### EXERCISE PROMPT
Look through the listing below for the line with "Ellen Wille Wigs - Onda wig Ellen Wille" and the line with "OJBAbasketball's profile banner image". Copy both, along with every line between them, exactly and with no pictures.

### RAW DATA
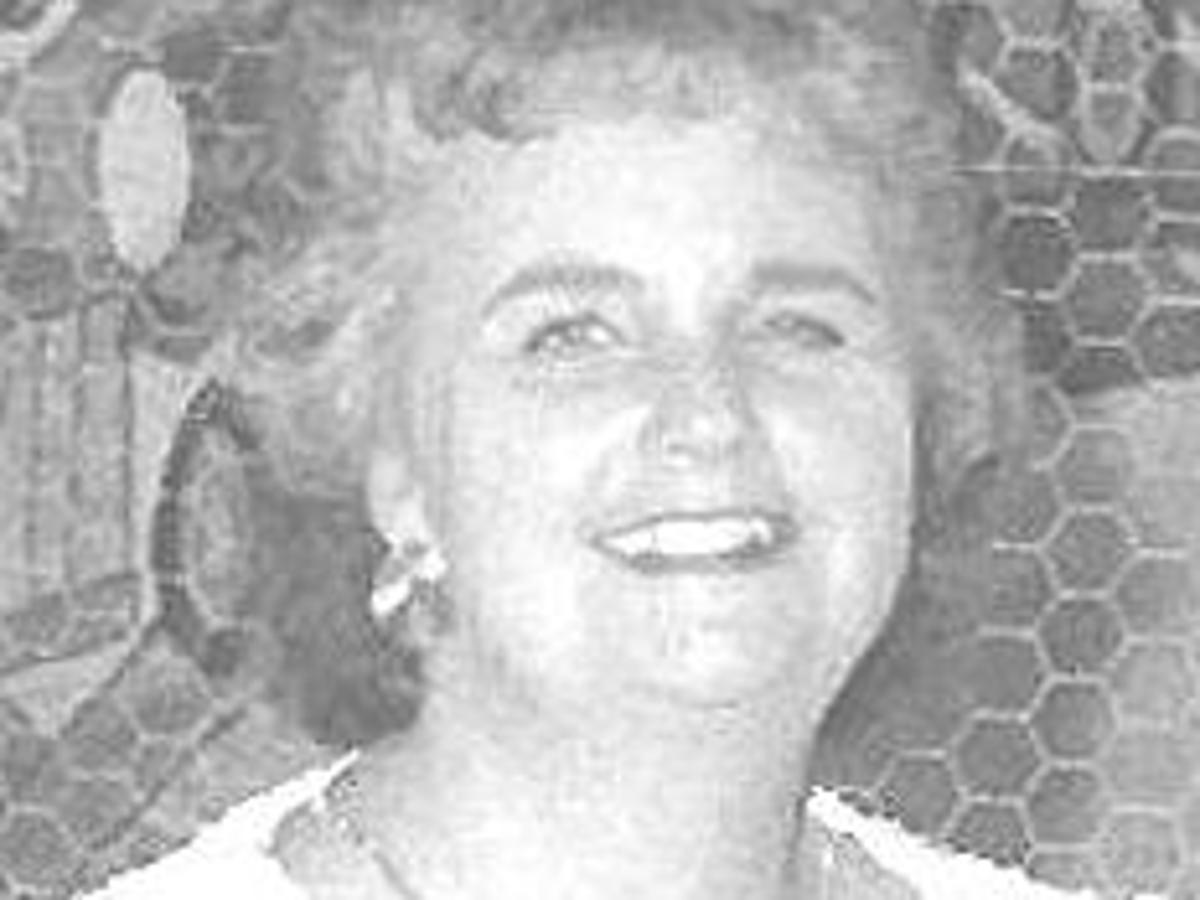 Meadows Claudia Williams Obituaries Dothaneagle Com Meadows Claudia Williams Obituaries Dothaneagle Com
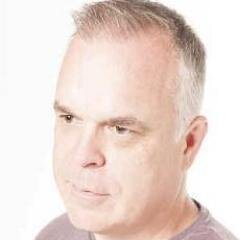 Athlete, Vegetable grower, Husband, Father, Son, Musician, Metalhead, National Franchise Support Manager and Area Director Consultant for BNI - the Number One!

* * *

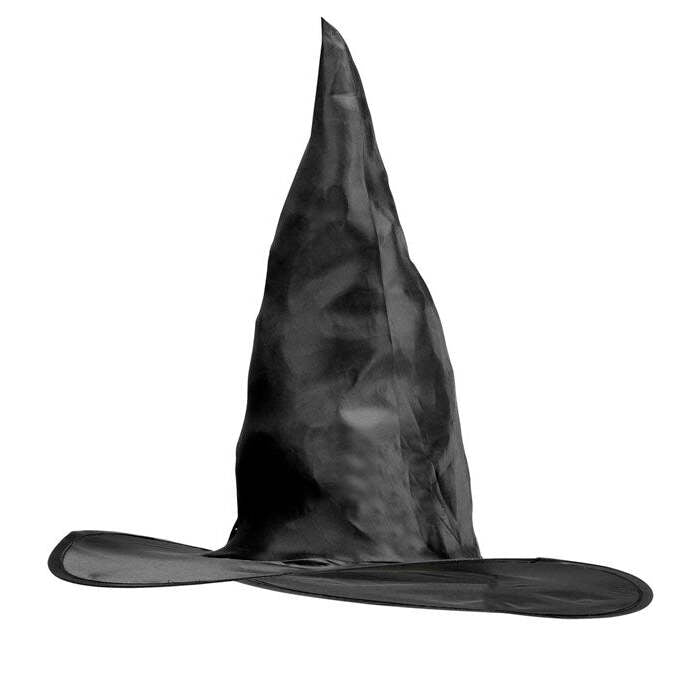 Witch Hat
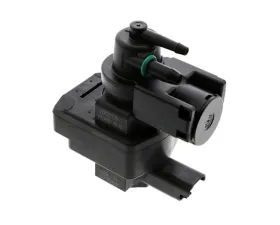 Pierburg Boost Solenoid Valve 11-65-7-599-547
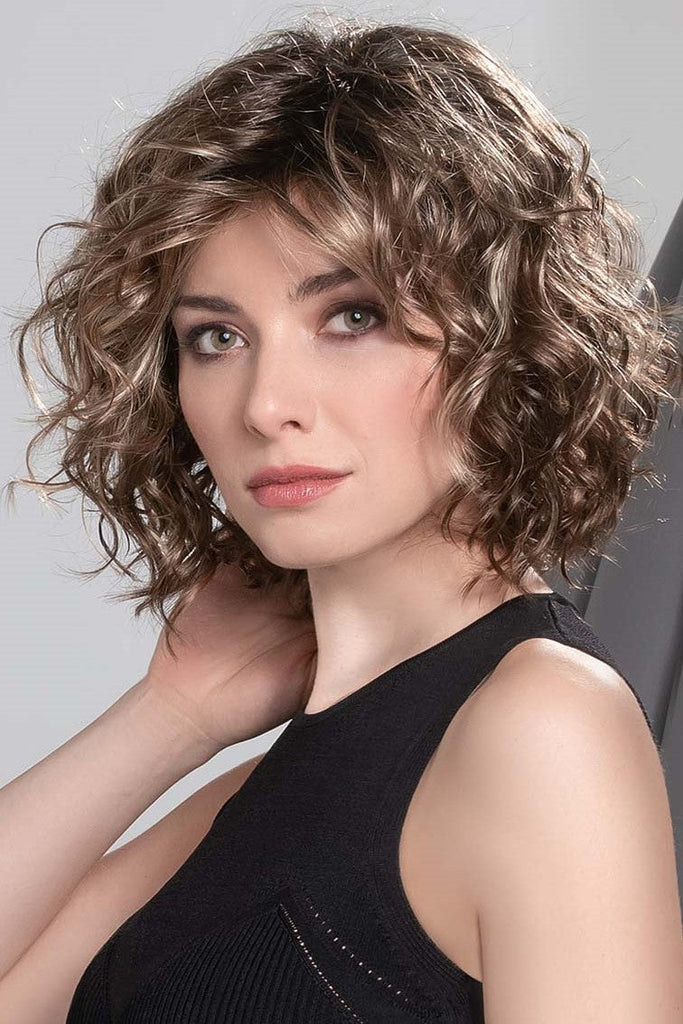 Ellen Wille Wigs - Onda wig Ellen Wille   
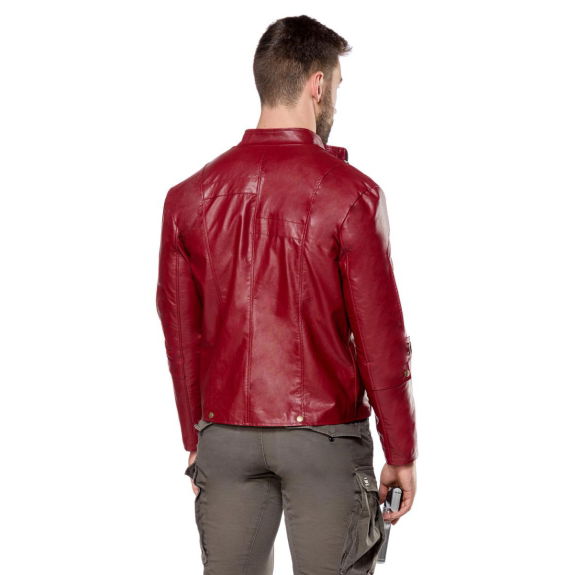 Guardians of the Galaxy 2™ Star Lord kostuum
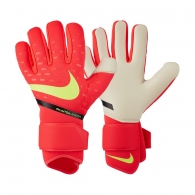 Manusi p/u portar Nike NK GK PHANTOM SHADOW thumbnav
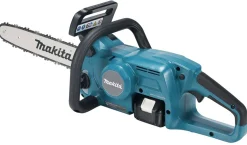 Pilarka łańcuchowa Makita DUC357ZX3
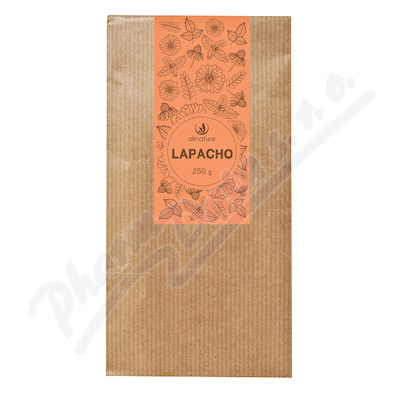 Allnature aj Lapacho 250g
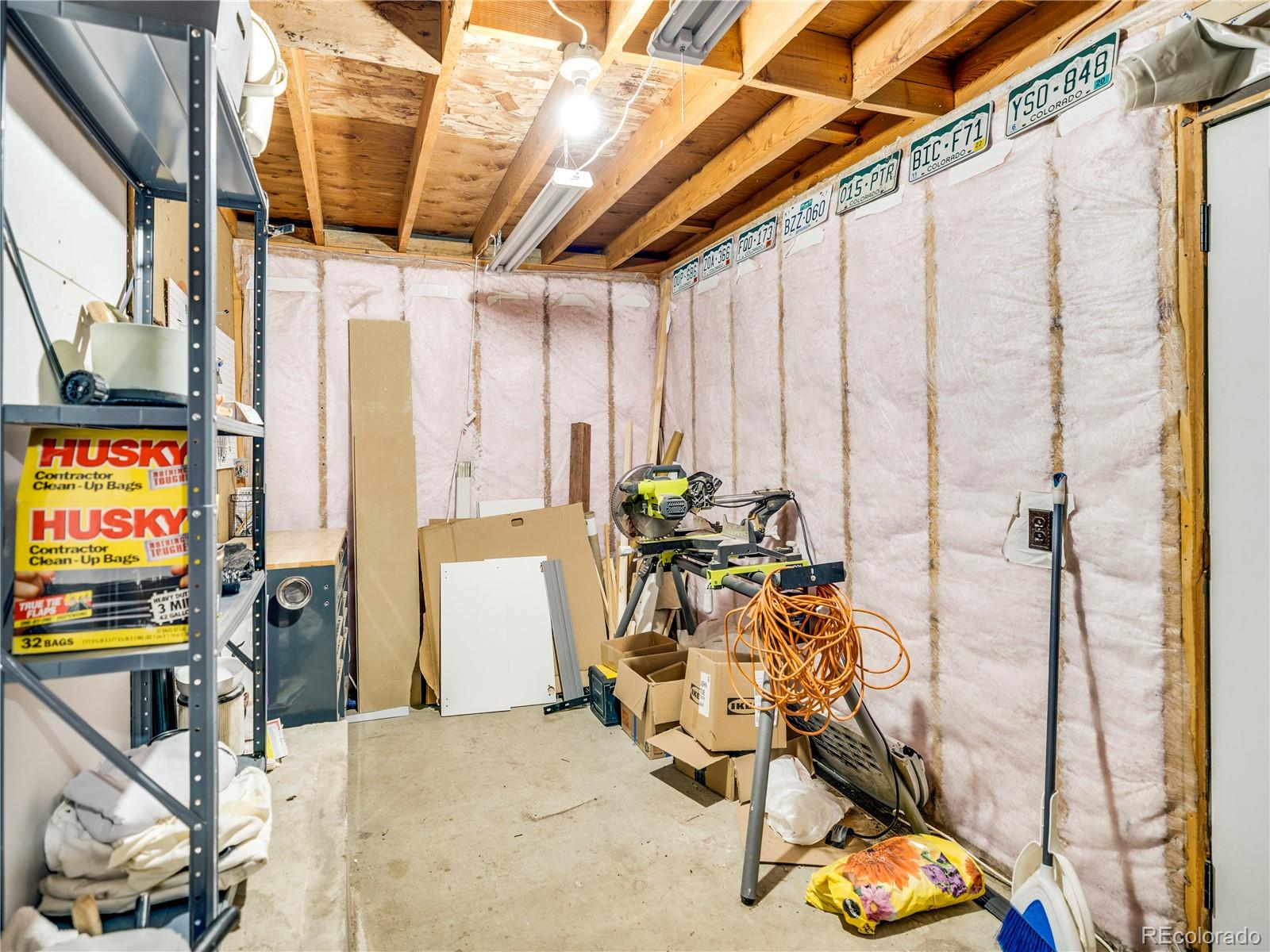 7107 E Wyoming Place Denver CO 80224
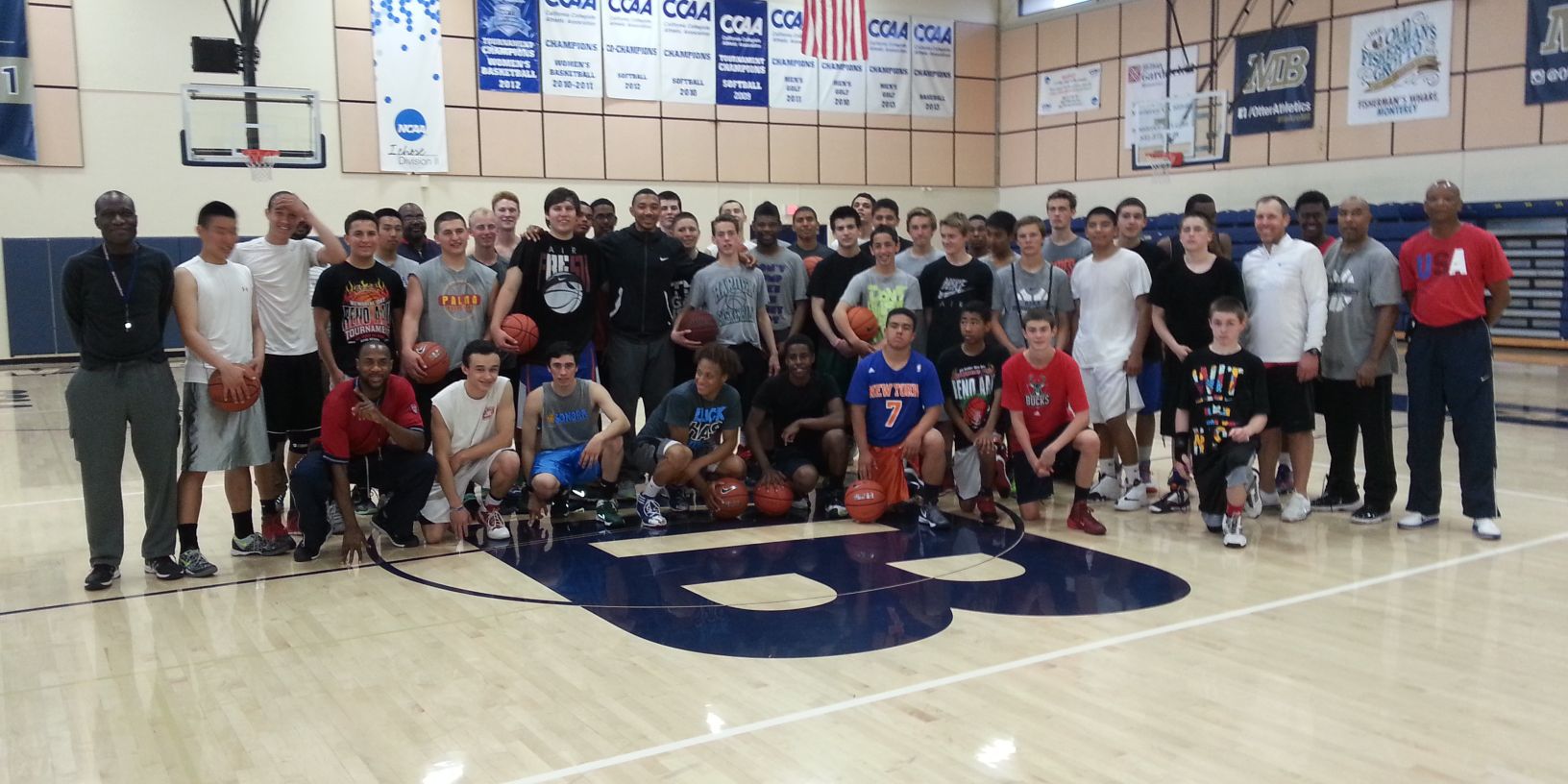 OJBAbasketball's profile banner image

### COMPLETED TASK
 Ellen Wille Wigs - Onda wig Ellen Wille   
 Guardians of the Galaxy 2™ Star Lord kostuum
 Manusi p/u portar Nike NK GK PHANTOM SHADOW thumbnav
 Pilarka łańcuchowa Makita DUC357ZX3
 Allnature aj Lapacho 250g
 7107 E Wyoming Place Denver CO 80224
 OJBAbasketball's profile banner image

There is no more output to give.